• Data records:
----
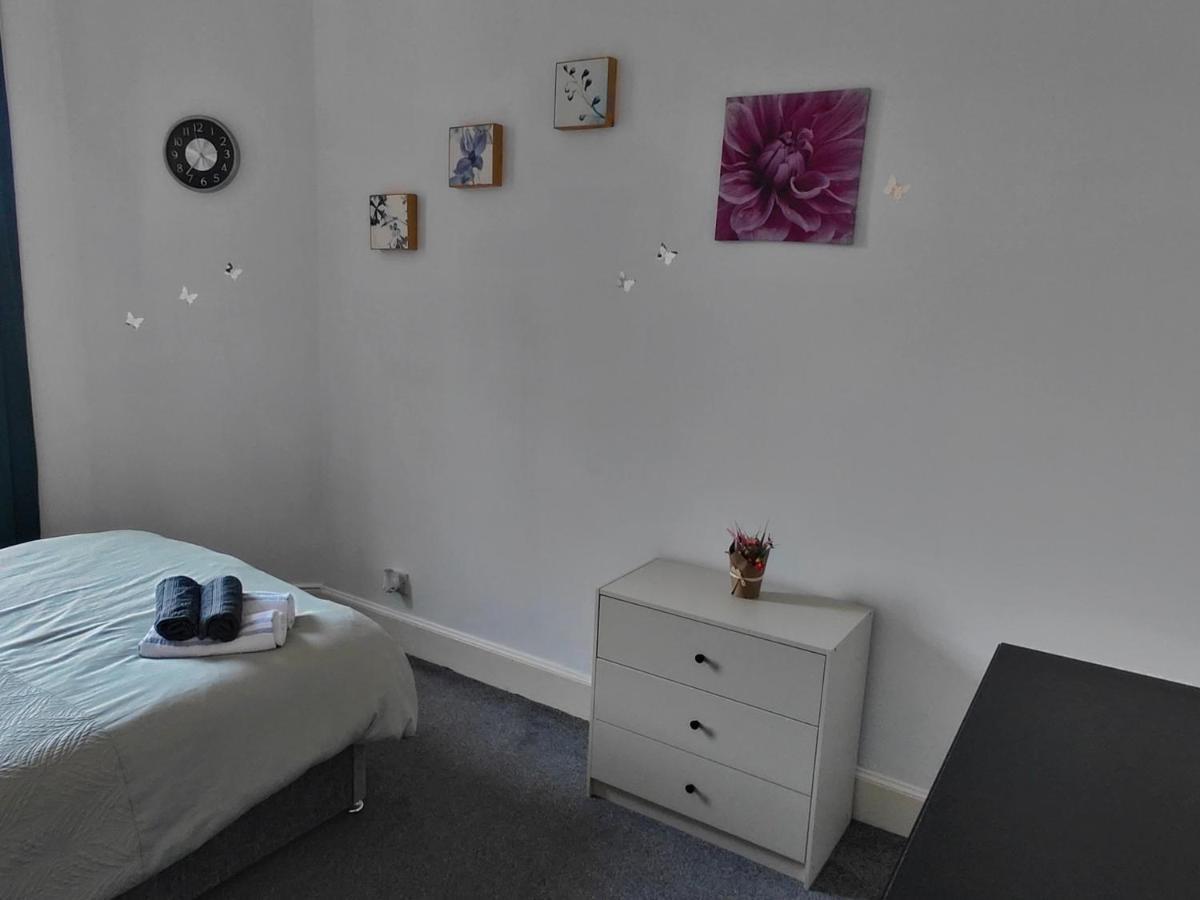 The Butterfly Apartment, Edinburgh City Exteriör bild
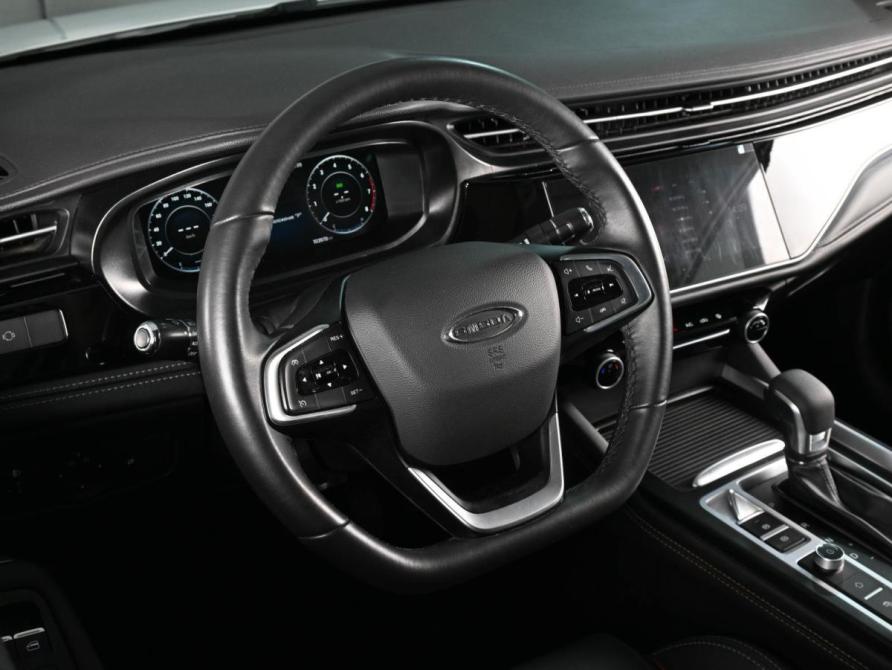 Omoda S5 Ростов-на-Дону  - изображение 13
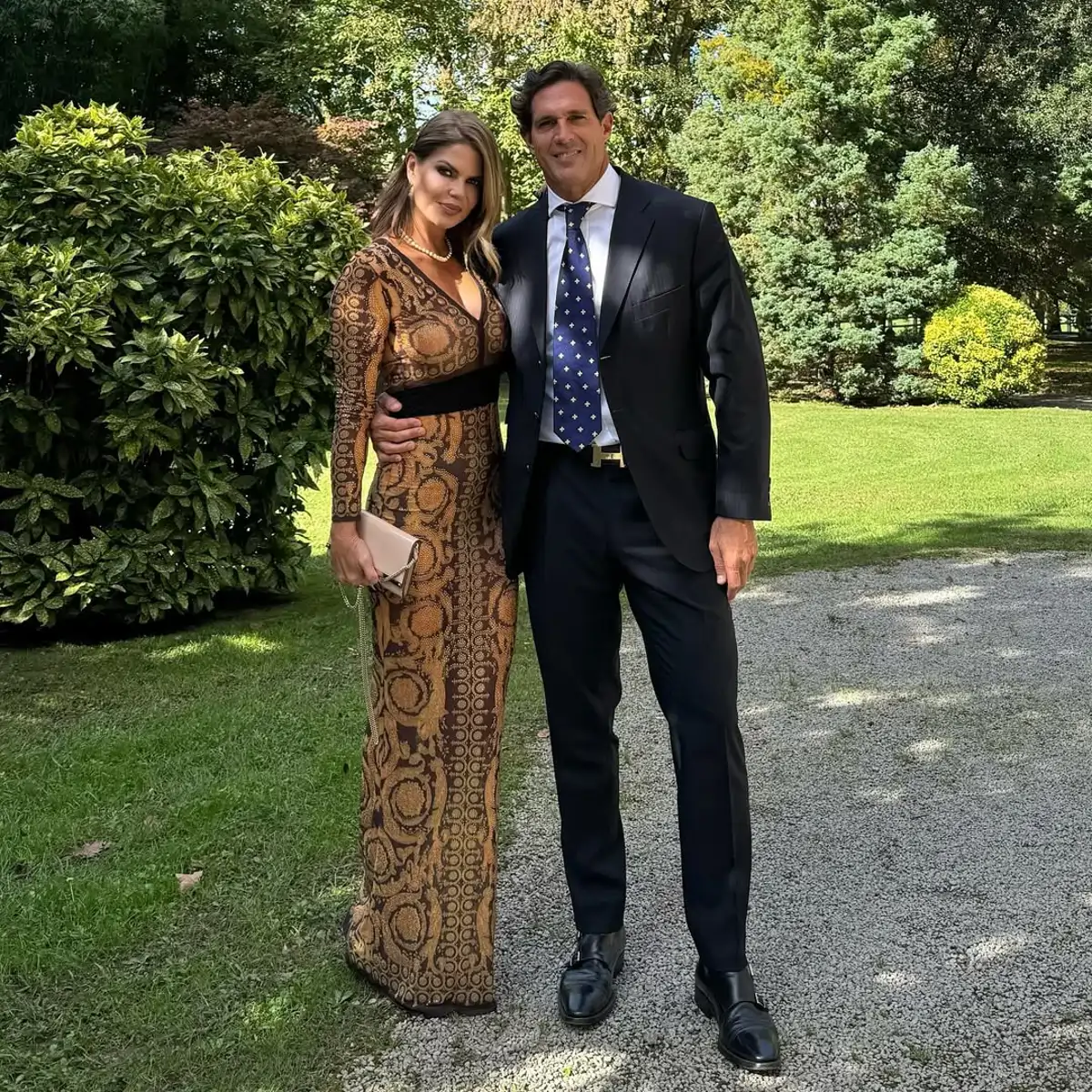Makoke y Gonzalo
----
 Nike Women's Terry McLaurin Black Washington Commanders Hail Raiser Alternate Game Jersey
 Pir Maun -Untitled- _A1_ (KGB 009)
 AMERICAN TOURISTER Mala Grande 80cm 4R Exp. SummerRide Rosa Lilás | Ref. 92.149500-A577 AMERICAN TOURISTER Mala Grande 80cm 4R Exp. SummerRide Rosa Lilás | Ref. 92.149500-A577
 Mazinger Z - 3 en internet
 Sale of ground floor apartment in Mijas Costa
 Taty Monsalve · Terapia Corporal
----
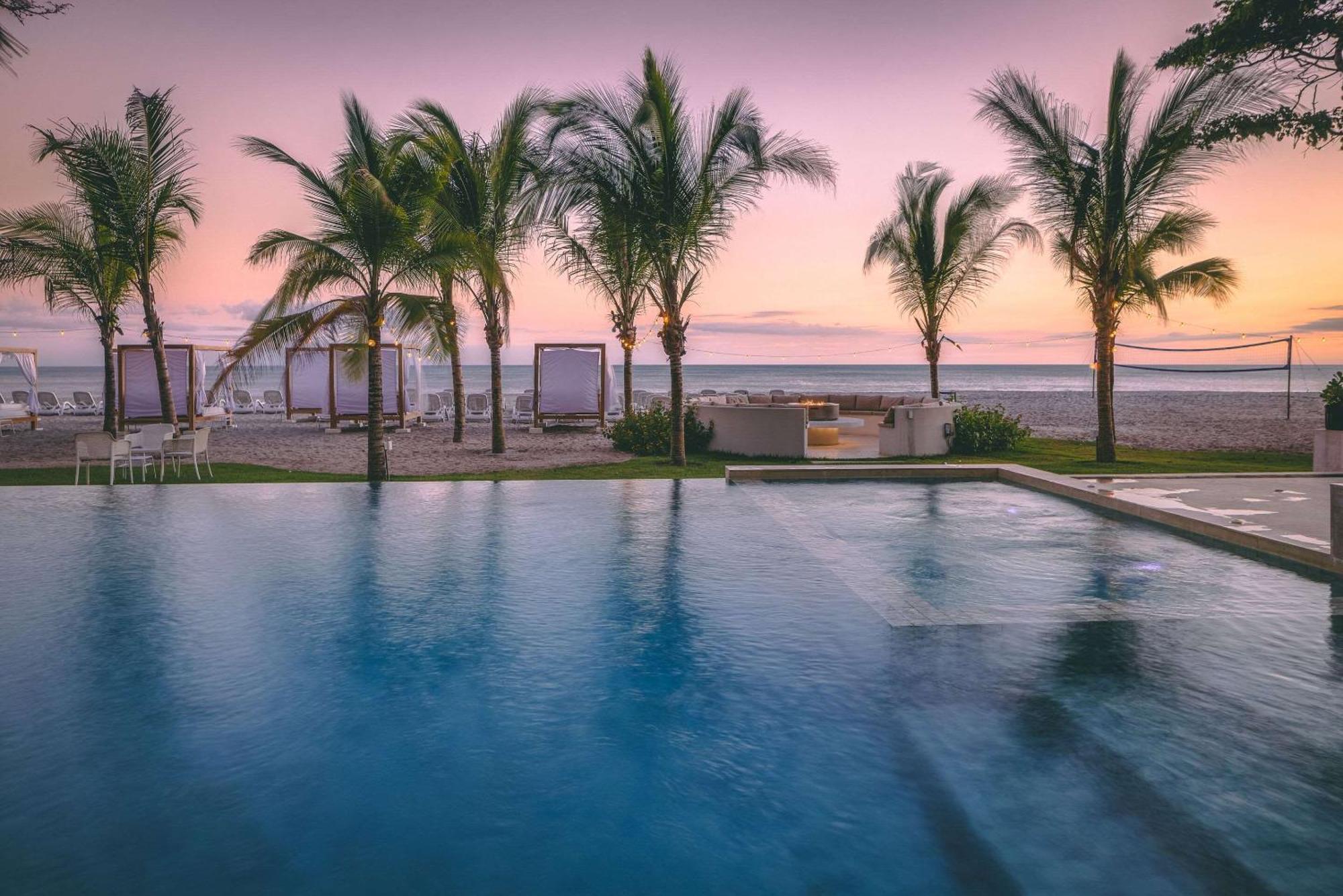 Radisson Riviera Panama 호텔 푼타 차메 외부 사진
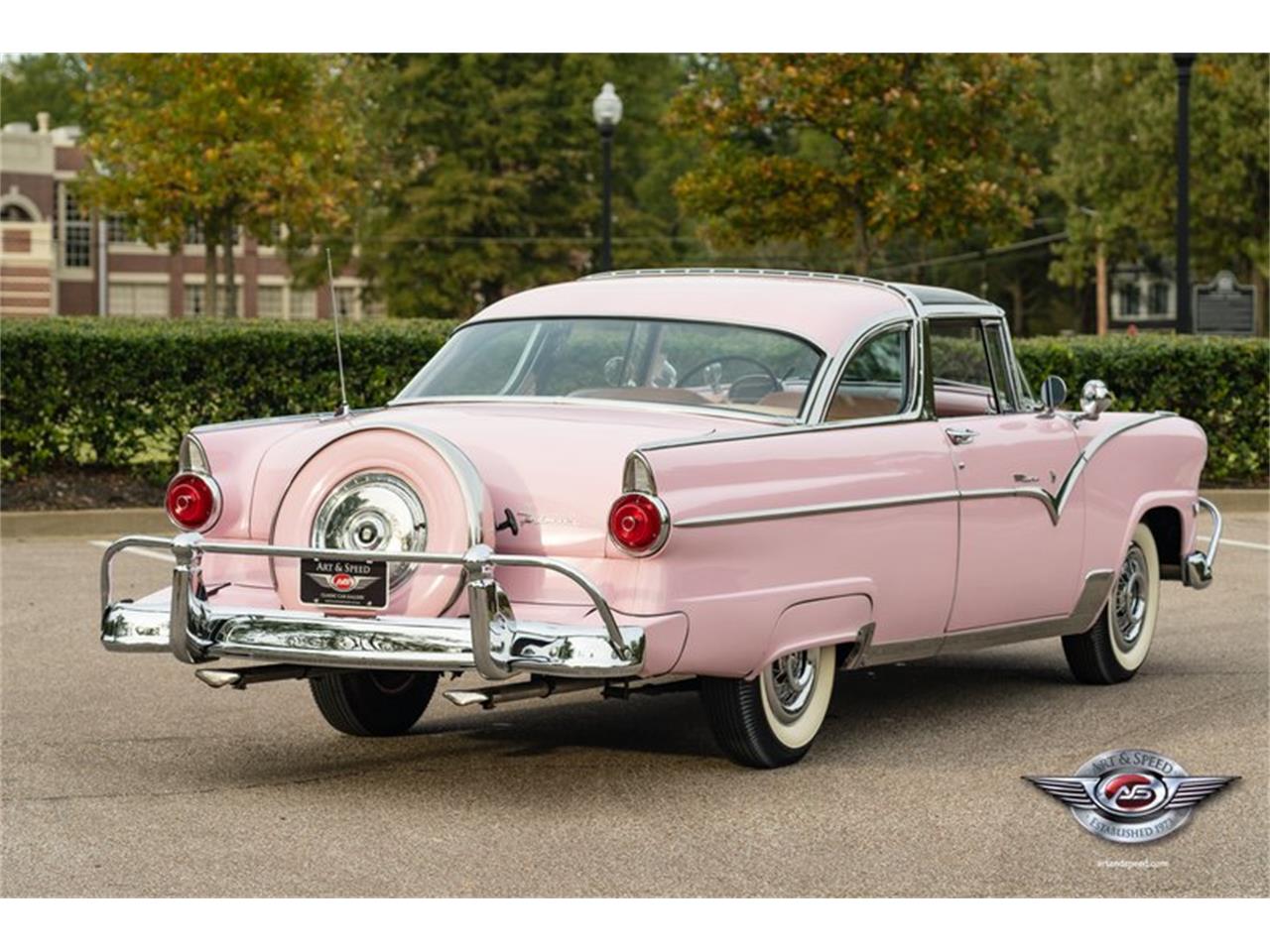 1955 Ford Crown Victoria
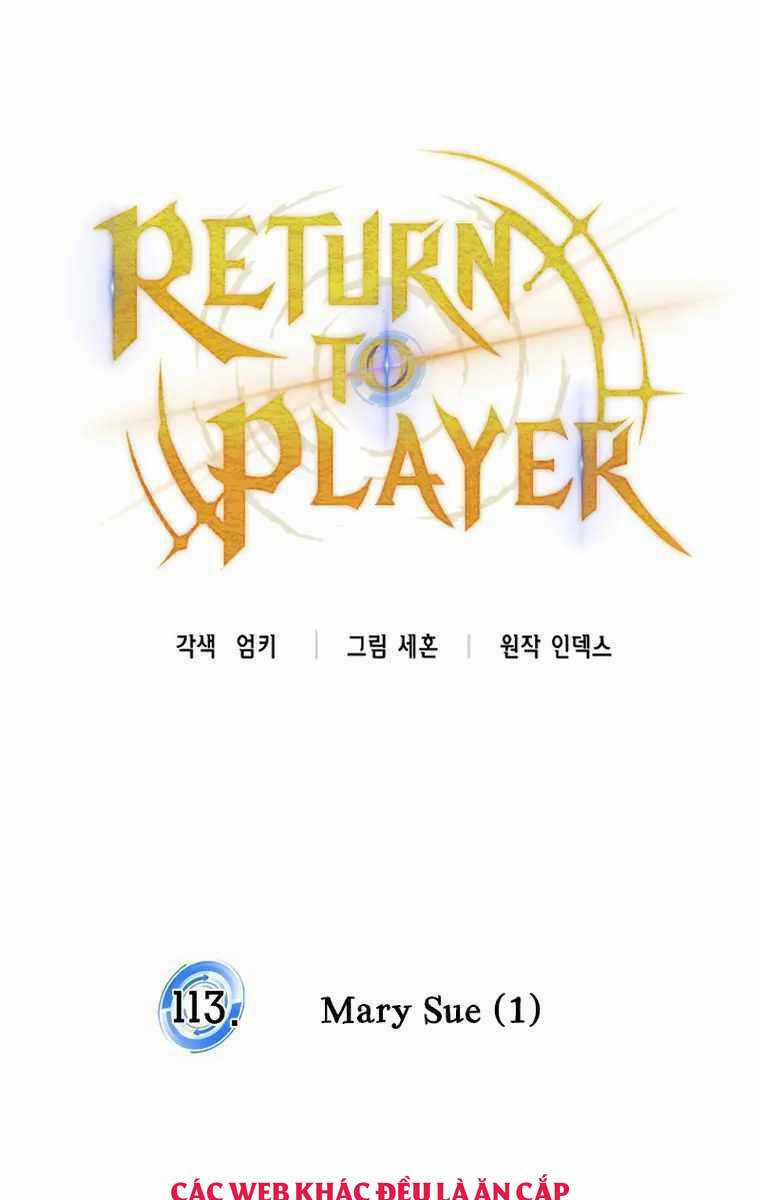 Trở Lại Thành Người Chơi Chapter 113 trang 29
----
• What the task asks: Start at the line above containing "1955 Ford Crown Victoria" and stop at the line containing "Trở Lại Thành": print those lines and everything between them exactly, but not the pictures.

• Solution below:
 1955 Ford Crown Victoria
 Trở Lại Thành Người Chơi Chapter 113 trang 29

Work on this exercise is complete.